On the Theory of Continual Learning with Gradient Descent for Neural Networks

arXiv stat.ML / 4/21/2026

💬 OpinionIdeas & Deep AnalysisModels & Research

Key Points

  • The paper studies continual learning—adapting to a stream of tasks without forgetting earlier ones—using a tractable neural network setup involving one-hidden-layer quadratic networks trained by gradient descent.
  • It analyzes training on a sequence of XOR-cluster datasets with Gaussian noise, where each task corresponds to clusters with orthogonal means, enabling explicit characterization of gradient descent dynamics.
  • The authors derive tight, closed-form bounds on train-time forgetting rates as functions of optimization iterations, sample size, number of tasks, and hidden-layer width.
  • By applying an algorithmic stability framework, the work also bounds the generalization gap and translates this into guarantees on forgetting at test time.
  • Numerical experiments confirm the theoretical predictions and demonstrate how the problem parameters collectively determine continual-learning forgetting behavior.

Abstract

Continual learning, the ability of a model to adapt to an ongoing sequence of tasks without forgetting earlier ones, is a central goal of artificial intelligence. To better understand its underlying mechanisms, we study the limitations of continual learning in a tractable yet representative setting. Specifically, we analyze one-hidden-layer quadratic neural networks trained by gradient descent on a sequence of XOR-cluster datasets with Gaussian noise, where different tasks correspond to clusters with orthogonal means.

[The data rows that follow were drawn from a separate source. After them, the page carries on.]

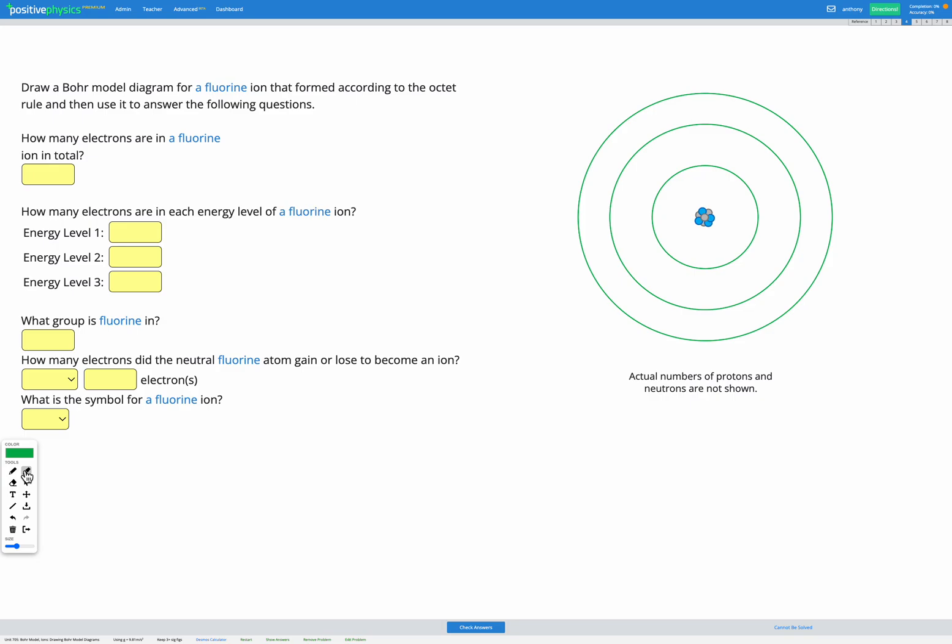In this question, we're being asked to draw a Bohr model diagram for a fluorine ion that formed according to the octet rule. So to figure this out...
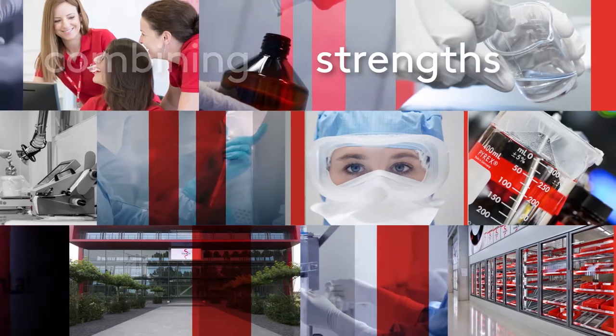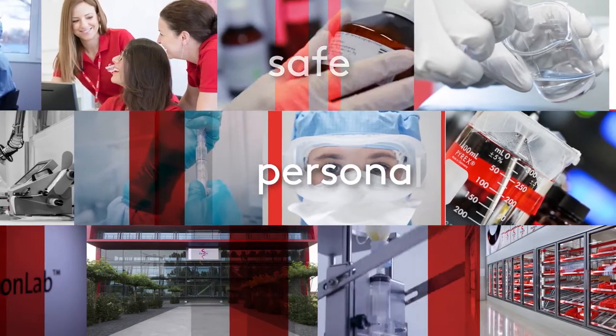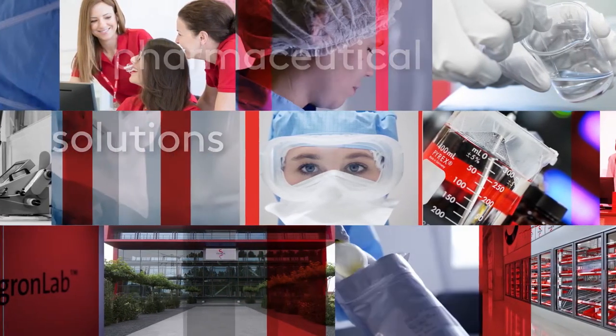Combining our strengths enables all of us to offer safe, personalized pharmaceutical solutions.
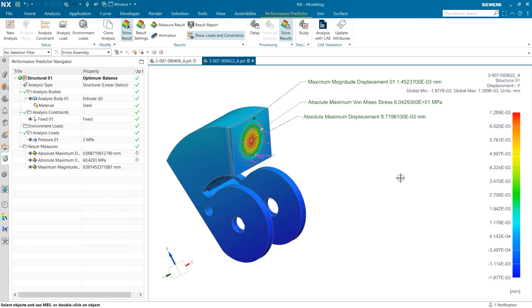In conclusion, in this video, we looked into the best ways to review your performance predictor results. We began by exploring result settings and looked at the wide range of capabilities it provides. After that, we explored the Measure Result tool and how it can aid in determining values that were not automatically displayed. And finally, the last tool we looked at was Animation, which can help demonstrate the impact that loads may have on your parts and products.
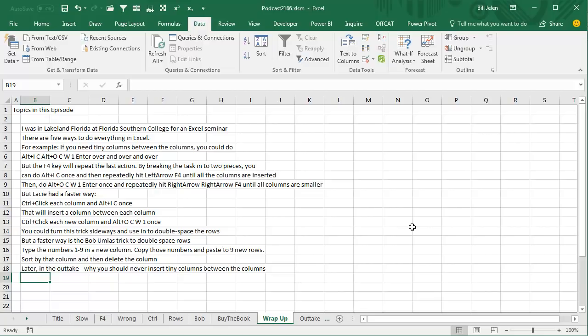But the F4 key, I was talking about the F4 key, how to repeat the last action. And so by breaking the task into two pieces, you can do Alt-I-C once, and then repeatedly hit the left arrow F4 until all the columns are inserted. And then the second task, do the Alt-O-C-W-1, Enter once, and then repeatedly right arrow, right arrow F4 until all the columns are smaller.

Our analysis is based on a tight characterization of gradient descent dynamics for the training loss, which yields explicit bounds on the rate of train-time forgetting as functions of the number of iterations, sample size, number of tasks, and hidden-layer width. We then leverage an algorithmic stability framework to bound the generalization gap, leading to corresponding guarantees on test-time forgetting. Together, our results provide the first closed-form guarantees for forgetting in continual learning with neural networks and show how key problem parameters jointly govern forgetting dynamics. Numerical experiments corroborate our theoretical results.